Le temps dont la défense a besoin pour se préparer peut inclure le temps nécessaire pour retenir les services d’un ou d’une avocate (Regan, précité, au paragraphe 61) et le temps pour qu’un nouvel avocat ou une nouvelle avocate puisse se préparer (R. c. Guimont, 2017 QCCA 1754, au paragraphe 50). Cela dit, le droit à l’avocat ou l’avocate de son choix n’est pas absolu (Rice, précité, au paragraphe 74). Dans au moins un arrêt postérieur à l’arrêt Jordan, la cour a considéré une partie du temps passé à retenir les services d’un nouvel avocat comme un délai imputable à la défense (voir R. v. Gordon, 2017 ONCA 436, au paragraphe 7).
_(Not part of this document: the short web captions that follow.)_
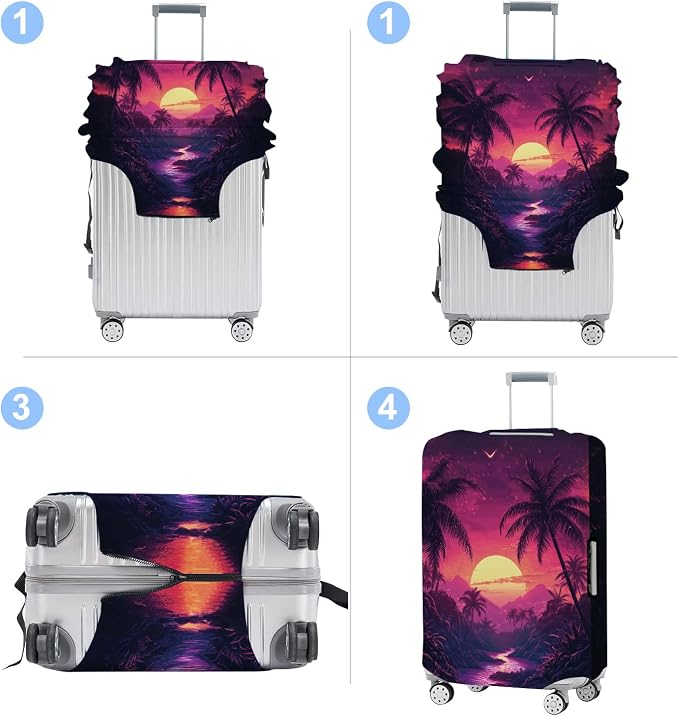 Luggage Cover Washable Suitcase Protector Anti-scratch Suitcase cover Fits - Image 4
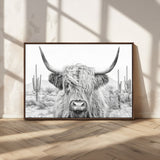 94579-MGV-CV-36X24-Highland Cow Wall Art – Black and White Longhorn Canvas Print, Rustic Western Farmhouse Animal Photography for Living Room,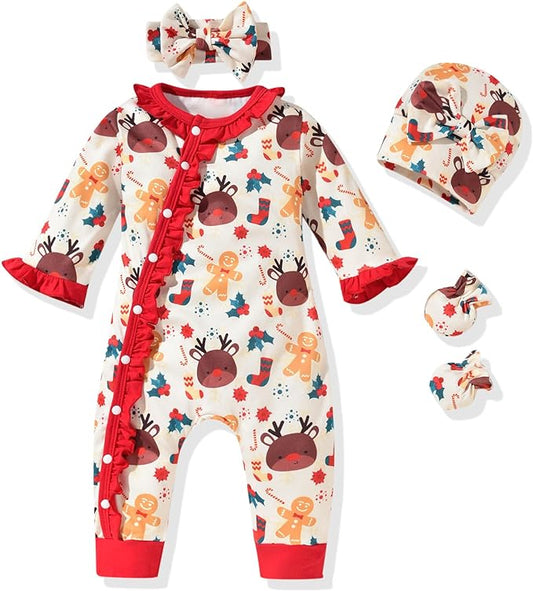 Aalizzwell Baby Girls Romper Outfit Fall Winter Clothes with Accessories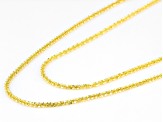 18k Yellow Gold Over Sterling Silver Diamond Cut Criss Cross Chain Necklace Set 20 Inch & 24 Inch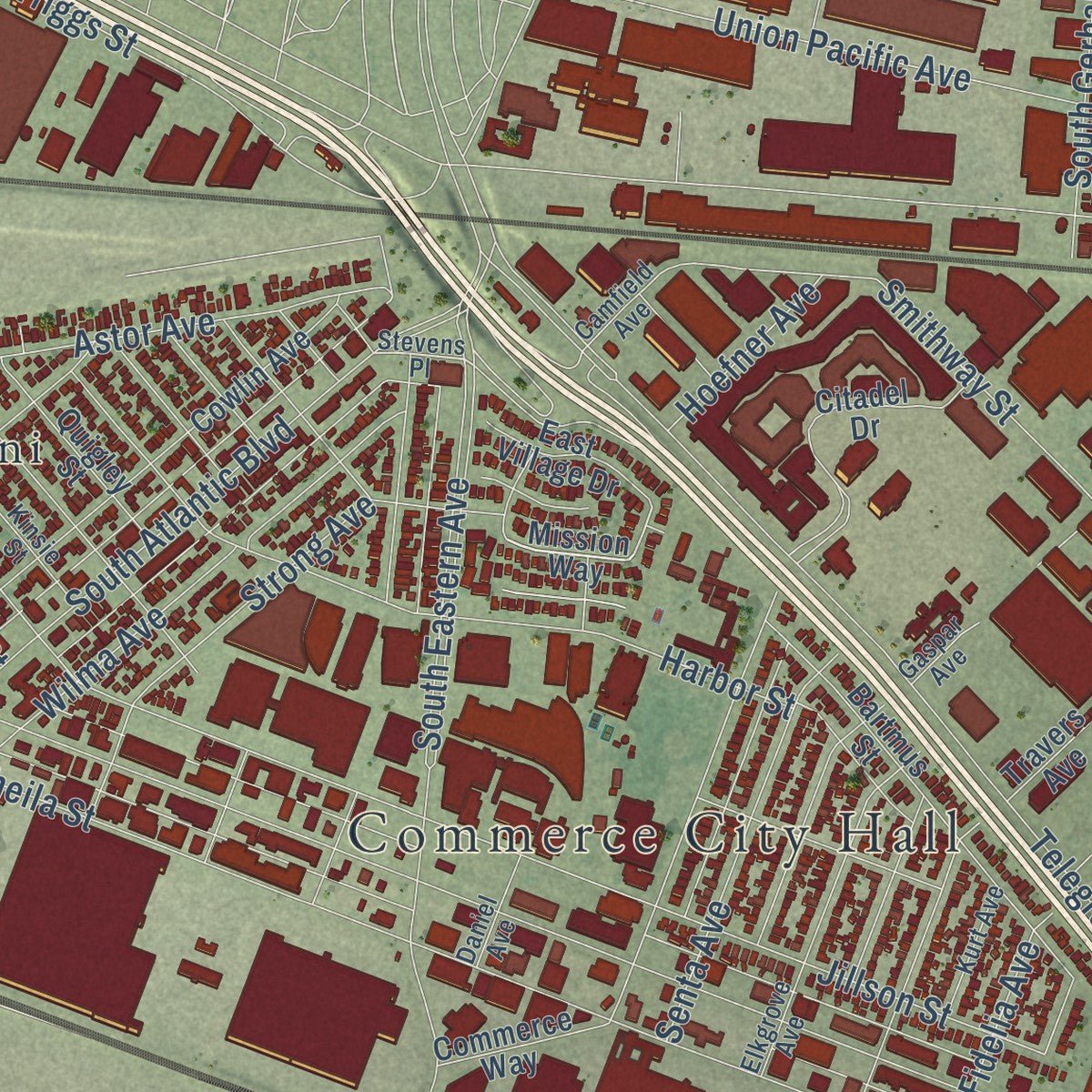 Close-up of the map of Commerce, California print showing street and building detail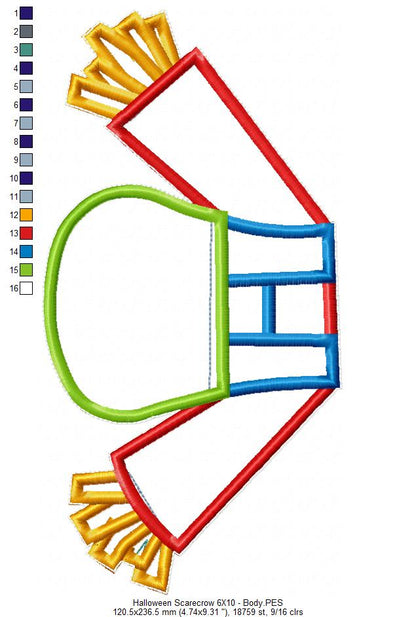 Cute Scarecrow Ornament - ITH Project - Machine Embroidery Design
Cependant, lorsque le délai était attribuable au fait que la personne accusée avait présenté une demande d’aide juridique et qu’elle l’avait présentée de nouveau après avoir demandé une ordonnance de type Rowbotham, un tribunal a conclu, après la publication de l’arrêt Jordan, que cela constituait bel et bien un délai institutionnel (D.M.S. v. R., 2016 NBCA 71, au paragraphe 24).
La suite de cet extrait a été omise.